Composition of single dose prescription

Composition (I)	Single dose (mg)
		Active ingredient	20
Mannitol	200
		Sodium starch glycolate	10
Hydroxypropyl cellulose	3
		Glyceryl behenate	5
Total up to	238

Adding the active ingredients, mannitol and carboxymethyl starch sodium in the formula amount into a wet granulator, uniformly mixing, preparing a soft material by using 4% hydroxypropyl cellulose as an adhesive, sieving with a 20-mesh sieve, granulating, and drying to respectively obtain granules with the water content of 0.8%, 1.0% and 1.4%. And (3) adding the glyceryl behenate into each granule after finishing the granules respectively, and filling the intermediate granules into capsules after total mixing.

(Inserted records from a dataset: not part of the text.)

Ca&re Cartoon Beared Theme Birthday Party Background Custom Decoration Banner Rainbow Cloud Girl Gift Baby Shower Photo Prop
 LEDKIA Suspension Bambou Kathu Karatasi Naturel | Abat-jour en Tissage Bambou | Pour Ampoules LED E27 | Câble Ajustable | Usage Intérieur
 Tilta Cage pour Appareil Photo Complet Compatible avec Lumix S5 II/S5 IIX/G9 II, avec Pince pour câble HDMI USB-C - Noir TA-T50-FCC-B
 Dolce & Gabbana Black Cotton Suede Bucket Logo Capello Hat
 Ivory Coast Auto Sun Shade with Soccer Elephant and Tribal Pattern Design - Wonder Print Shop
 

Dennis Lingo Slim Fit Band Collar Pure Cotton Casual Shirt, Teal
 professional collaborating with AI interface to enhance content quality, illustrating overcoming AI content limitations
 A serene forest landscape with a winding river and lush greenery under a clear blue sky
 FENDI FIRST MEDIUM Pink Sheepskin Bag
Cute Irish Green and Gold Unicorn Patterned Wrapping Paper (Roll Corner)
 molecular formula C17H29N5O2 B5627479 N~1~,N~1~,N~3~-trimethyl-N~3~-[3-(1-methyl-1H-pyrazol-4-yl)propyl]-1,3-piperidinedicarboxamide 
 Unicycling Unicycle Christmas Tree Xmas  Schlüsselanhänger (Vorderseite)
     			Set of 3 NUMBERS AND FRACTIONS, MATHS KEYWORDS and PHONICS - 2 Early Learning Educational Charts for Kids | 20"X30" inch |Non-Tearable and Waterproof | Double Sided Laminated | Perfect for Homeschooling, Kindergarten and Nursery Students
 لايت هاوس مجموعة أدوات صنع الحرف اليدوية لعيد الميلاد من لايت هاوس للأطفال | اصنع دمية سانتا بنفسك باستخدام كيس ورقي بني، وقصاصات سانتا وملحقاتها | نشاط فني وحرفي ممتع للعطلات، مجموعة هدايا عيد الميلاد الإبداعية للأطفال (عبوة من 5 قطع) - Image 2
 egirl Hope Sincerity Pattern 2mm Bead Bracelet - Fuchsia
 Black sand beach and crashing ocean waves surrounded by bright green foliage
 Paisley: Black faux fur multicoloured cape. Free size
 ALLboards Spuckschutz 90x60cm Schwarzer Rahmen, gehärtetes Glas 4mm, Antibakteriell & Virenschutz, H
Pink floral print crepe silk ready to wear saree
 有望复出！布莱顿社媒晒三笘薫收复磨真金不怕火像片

The capsule granules of example 5 containing different water contents were placed under accelerated conditions of 40 ℃ high temperature, 92.5% RH high humidity, 4500lux light (40 ℃ high temperature, 75% high humidity) for 14 days, and then taken out to measure the impurity A, which is a related substance, and the results are shown in the following table:

related substance (%)	0.8% moisture particles	1.0% moisture granules	1.4% moisture granules
				Day 0	0.03	0.03	0.04
High temperature for 14 days	0.09	0.10	0.10
				High humidity for 14 days	0.08	0.07	0.08
Illuminating for 14 days	0.07	0.08	0.08
				Accelerating for 14 days	0.09	0.08	0.09

The above results show that: the preparation composition with the moisture of the granules within 1.5 percent is stable.

Example 6

Composition of single dose prescription

Composition (I)	Single dose (mg)
		Active ingredient	20
Mannitol	160
		Cross-linked polyvidone	10
Hydroxypropyl cellulose	1
		Glyceryl behenate	4
Total up to	195

Adding the active ingredients, mannitol and crospovidone according to the formula amount into a wet granulator, uniformly mixing, preparing a soft material by taking 4% hydroxypropyl cellulose as an adhesive, sieving with a 20-mesh sieve, granulating, and drying, wherein the moisture of the granules is controlled within 1.5%. Adding the glyceryl behenate into the granules after finishing the granules, and filling the intermediate granules into capsules after total mixing.

Example 7

Composition of single dose prescription

Composition (I)	Single dose (mg)
		Active ingredient	20
Mannitol	130
		Sodium starch glycolate	20
Hydroxypropyl cellulose	1
		Glyceryl behenate	1
Total up to	172

Adding the active ingredients, mannitol and carboxymethyl starch sodium in the formula amount into a wet granulator, uniformly mixing, preparing a soft material by taking 4% hydroxypropyl cellulose as an adhesive, sieving with a 20-mesh sieve, granulating, and drying, wherein the moisture of the granules is controlled within 1.5%. Adding the glyceryl behenate with the prescription amount, and filling the intermediate into capsules after total mixing.

Example 8

Composition of single dose prescription

Composition (I)	Single dose (mg)
		Active ingredient	20
Lactose monohydrate	160
		Sodium starch glycolate	10
Hydroxypropyl cellulose	1.5
		Glyceryl behenate	8
Total up to	208.5

Adding the active ingredients, lactose monohydrate and carboxymethyl starch sodium in the formula amount into a wet granulator, uniformly mixing, preparing a soft material by taking 4% hydroxypropyl cellulose as an adhesive, sieving with a 20-mesh sieve, granulating, and drying, wherein the moisture of the granules is controlled within 1.5%. Adding the glyceryl behenate into the granules after finishing the granules, and filling the intermediate granules into capsules after total mixing.

The capsules of examples 1, 2, 3, 4, 6, 7 and 8 were packed in high density polyethylene bottles, 20 capsules/bottle, and desiccant was added into 2 bags/bottle, and the bottles were placed under accelerated conditions (40 ℃ C. and 75% humidity) for 3 months, and the change results of the content of impurity A in each lot are as follows:

impurity A (%)	Example 1	Example 4	Example 6	Example 7	Example 8
						Day 0	0.08	0.04	0.09	0.05	0.06
Accelerating for 1 month	0.28	0.14	0.15	0.15	0.12
						Accelerated for 2 months	0.48	0.20	0.25	0.21	0.18
Accelerated for 3 months	0.62	0.20	0.47	0.22	0.20

The above results show that: the capsules prepared according to the technical scheme of the invention have significantly improved stability when placed for 3 months under accelerated conditions, and the stability of the prescriptions in examples 4, 7 and 8 is significantly higher than that of the other prescriptions.